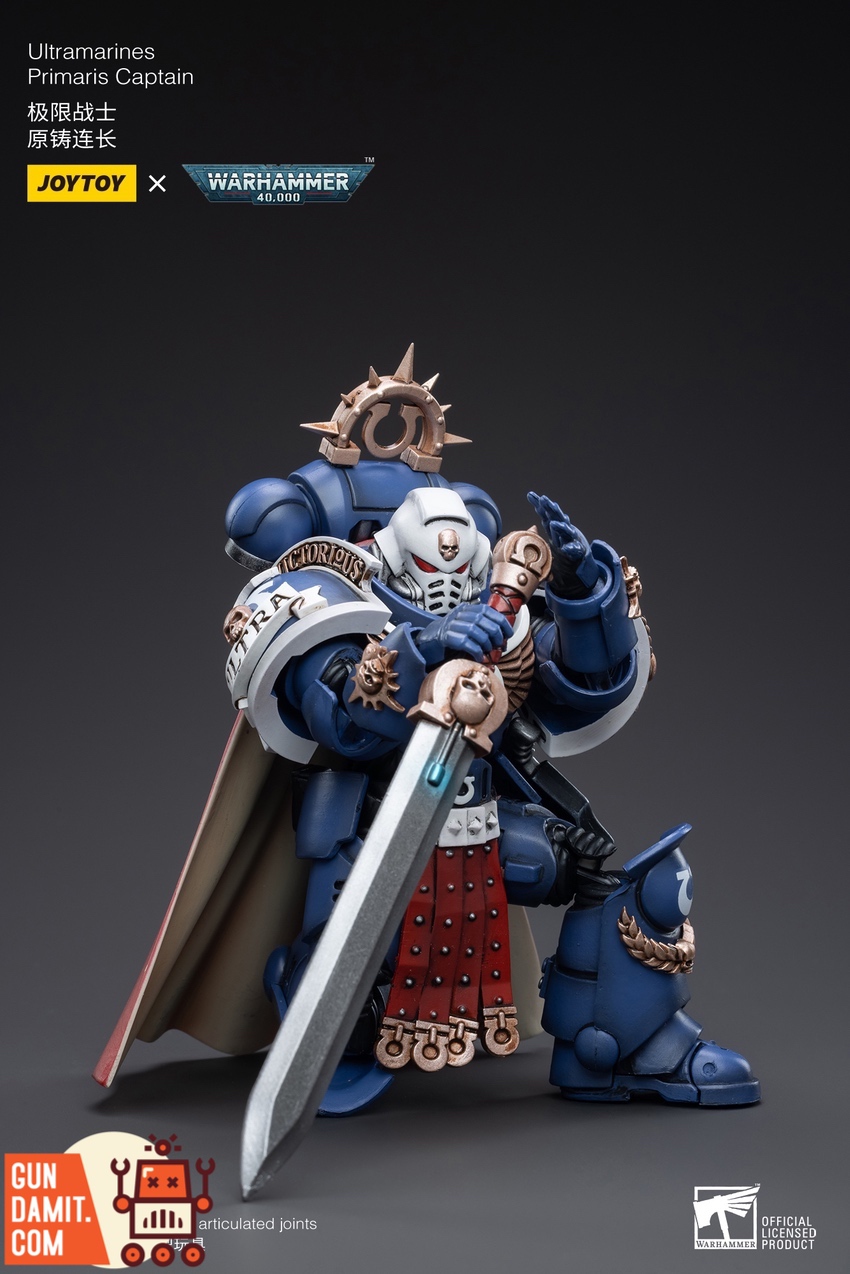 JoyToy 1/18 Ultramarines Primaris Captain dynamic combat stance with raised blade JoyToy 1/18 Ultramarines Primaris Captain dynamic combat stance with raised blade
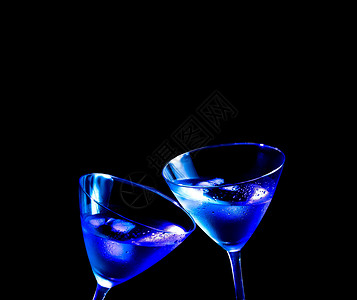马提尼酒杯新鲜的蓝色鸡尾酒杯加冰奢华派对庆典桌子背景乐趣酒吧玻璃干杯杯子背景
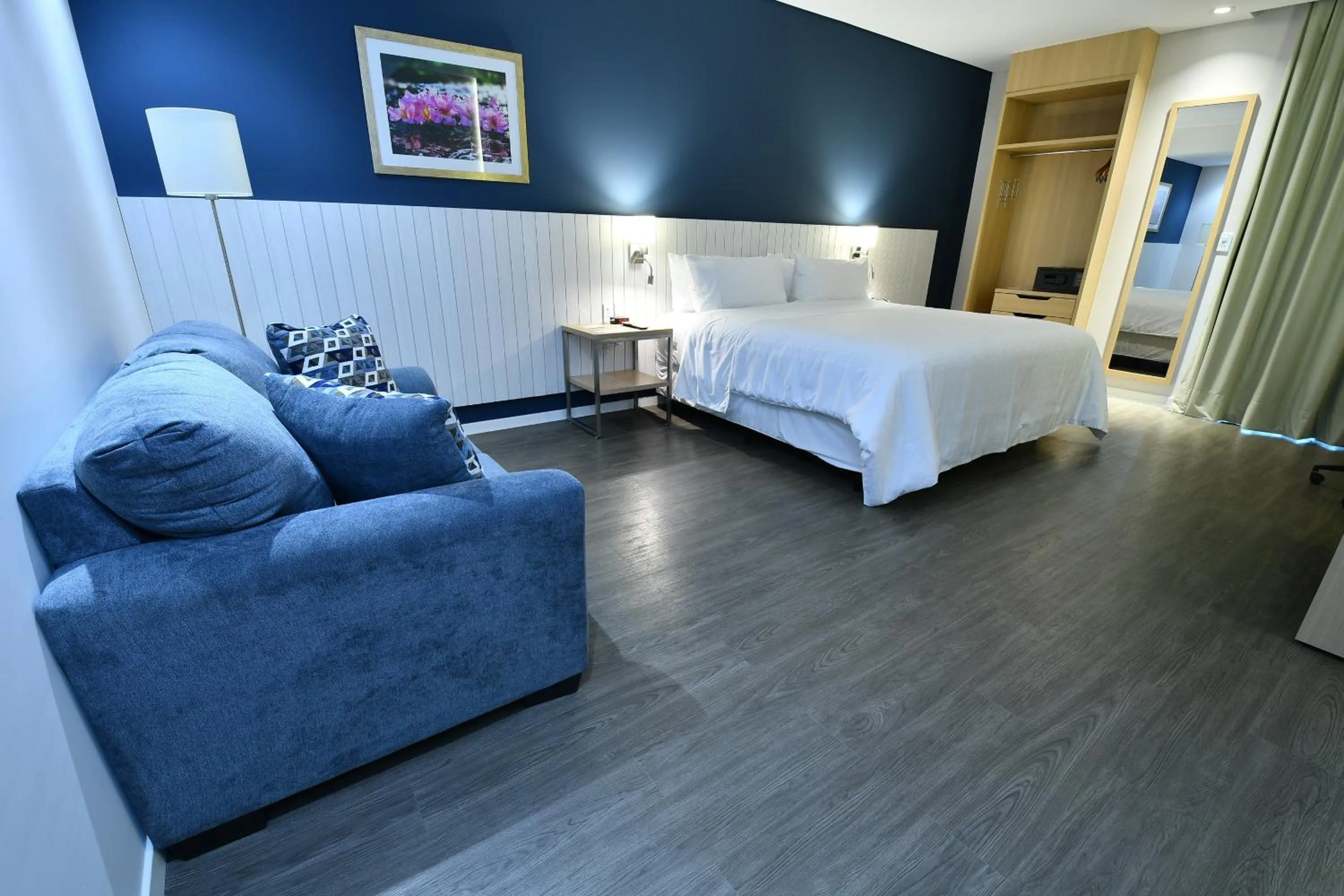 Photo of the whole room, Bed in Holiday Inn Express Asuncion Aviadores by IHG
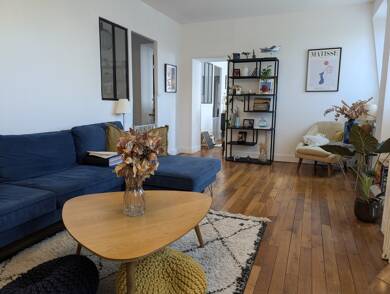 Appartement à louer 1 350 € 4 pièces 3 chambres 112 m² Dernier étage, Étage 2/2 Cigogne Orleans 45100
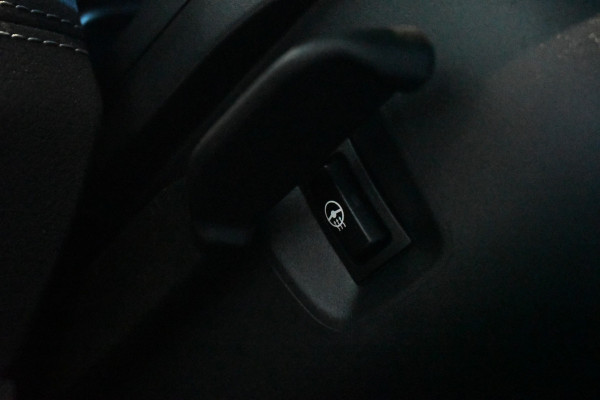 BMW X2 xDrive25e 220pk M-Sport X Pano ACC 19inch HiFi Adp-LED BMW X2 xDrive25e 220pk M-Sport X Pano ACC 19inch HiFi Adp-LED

....................

Task brief:
Exactly the lines from the one with "Appartement à louer" through the end of the entries above must be written out, and no pictures may be included.

Reply to the task:
 Appartement à louer 1 350 € 4 pièces 3 chambres 112 m² Dernier étage, Étage 2/2 Cigogne Orleans 45100
 BMW X2 xDrive25e 220pk M-Sport X Pano ACC 19inch HiFi Adp-LED BMW X2 xDrive25e 220pk M-Sport X Pano ACC 19inch HiFi Adp-LED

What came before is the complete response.